The video, posted in May 2023, was edited to make it appear as if Mr. Biden was repeatedly inappropriately touching his adult granddaughter’s chest. In the original video, taken in 2022, the president places an “I voted” sticker on his granddaughter after voting in the midterm elections. But the video under review by Meta’s Oversight Board was looped and edited into a seven-second clip that critics said left a misleading impression.
Meta’s Oversight Board, an independent group that oversees Meta’s content policies and can make binding decisions on whether content is removed or left up, said that the video did not violate Meta’s policies because the video was not altered with artificial intelligence and does not show Mr. Biden “saying words he did not say” or “doing something he did not do.”
A human content reviewer at Meta left the video up after it was reported to the company as hate speech. After an appeal to the Oversight Board, the board took it up for review.
While the Oversight Board ruled the video can remain on the site, it argued in a set of non-binding recommendations that Meta’s current policy regarding manipulated content should be “reconsidered.” The board called the company’s current policy on the issue “incoherent, lacking in persuasive justification and inappropriately focused on how content is created, rather than on which specific harms it aims to prevent, such as disrupting electoral processes.”
The board also recommended Meta should begin labeling manipulated media that does not violate its policies, and that it should include manipulated audio and edited videos showing people “doing things they did not do” as violations of the manipulated media policy.
“Meta needs to calibrate the Manipulated Media policy to the real world harms it seeks to prevent. The company should be clear about what those harms are, for example incitement to violence or misleading people about information needed to vote, and enforce the policy against them,” Oversight Board Co-Chair Michael McConnell said in a statement to CBS News.
“In most cases Meta could prevent harms caused by people being misled by altered content through less restrictive means than removals, which is why we are urging the company to attach labels that would provide context about the authenticity of posts.
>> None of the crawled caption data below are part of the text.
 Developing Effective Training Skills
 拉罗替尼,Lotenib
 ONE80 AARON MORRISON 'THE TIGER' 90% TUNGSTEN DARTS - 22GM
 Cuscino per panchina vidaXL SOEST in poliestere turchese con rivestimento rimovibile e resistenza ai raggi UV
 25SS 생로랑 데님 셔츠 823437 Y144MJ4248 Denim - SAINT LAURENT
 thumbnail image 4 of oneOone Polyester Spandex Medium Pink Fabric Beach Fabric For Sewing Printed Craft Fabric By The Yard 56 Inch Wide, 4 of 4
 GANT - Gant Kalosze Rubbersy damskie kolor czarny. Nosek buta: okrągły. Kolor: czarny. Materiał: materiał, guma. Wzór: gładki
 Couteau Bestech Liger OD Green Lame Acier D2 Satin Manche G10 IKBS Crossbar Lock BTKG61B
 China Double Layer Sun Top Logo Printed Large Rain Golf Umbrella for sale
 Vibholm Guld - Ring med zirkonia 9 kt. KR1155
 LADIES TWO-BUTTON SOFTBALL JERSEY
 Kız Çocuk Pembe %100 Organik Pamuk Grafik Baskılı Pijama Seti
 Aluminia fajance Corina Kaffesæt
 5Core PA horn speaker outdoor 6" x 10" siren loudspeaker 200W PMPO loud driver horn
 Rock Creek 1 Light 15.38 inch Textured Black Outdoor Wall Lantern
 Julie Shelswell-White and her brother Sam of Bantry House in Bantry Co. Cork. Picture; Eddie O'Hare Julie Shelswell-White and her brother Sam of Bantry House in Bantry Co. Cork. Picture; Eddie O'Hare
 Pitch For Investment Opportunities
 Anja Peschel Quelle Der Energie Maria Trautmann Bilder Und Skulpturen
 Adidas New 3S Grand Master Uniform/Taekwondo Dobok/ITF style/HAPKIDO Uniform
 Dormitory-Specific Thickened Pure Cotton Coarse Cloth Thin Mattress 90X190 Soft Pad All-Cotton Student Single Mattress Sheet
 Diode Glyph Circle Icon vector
This would allow for greater protection of free expression,” McConnell added.
“We are reviewing the Oversight Board’s guidance and will respond publicly to their recommendations within 60 days in accordance with the bylaws,” a Meta spokesperson wrote in a statement to CBS News.
The board’s decision was released just a few days after Meta CEO Mark Zuckerberg and other tech company leaders testified before a Senate Judiciary Committee hearing about the impact of social media on children.
And it comes as AI and other editing tools make it easier than ever for users to alter or fabricate realistic-seeming video and audio clips. Ahead of last month’s New Hampshire primary, a fake robocall impersonating President Biden encouraged Democrats not to vote, raising concerns about misinformation and voter suppression going into November’s general election.
McConnell also warned that the Oversight Board is watching how Meta handles content relating to election integrity going into this year’s elections, after the board recommended the company develop a framework for evaluating false and misleading claims around how elections are handled in the U.S. and globally.
“Platforms should keep their foot on the gas beyond election day and into the post-election periods where ballots are still being counted, votes are being certified, and power is being transitioned,” McConnell told CBS News. “Challenging an election’s integrity is generally considered protected speech, but in some circumstances, widespread claims attempting to undermine elections, such as what we saw in Brazil [in 2023], can lead to violence.”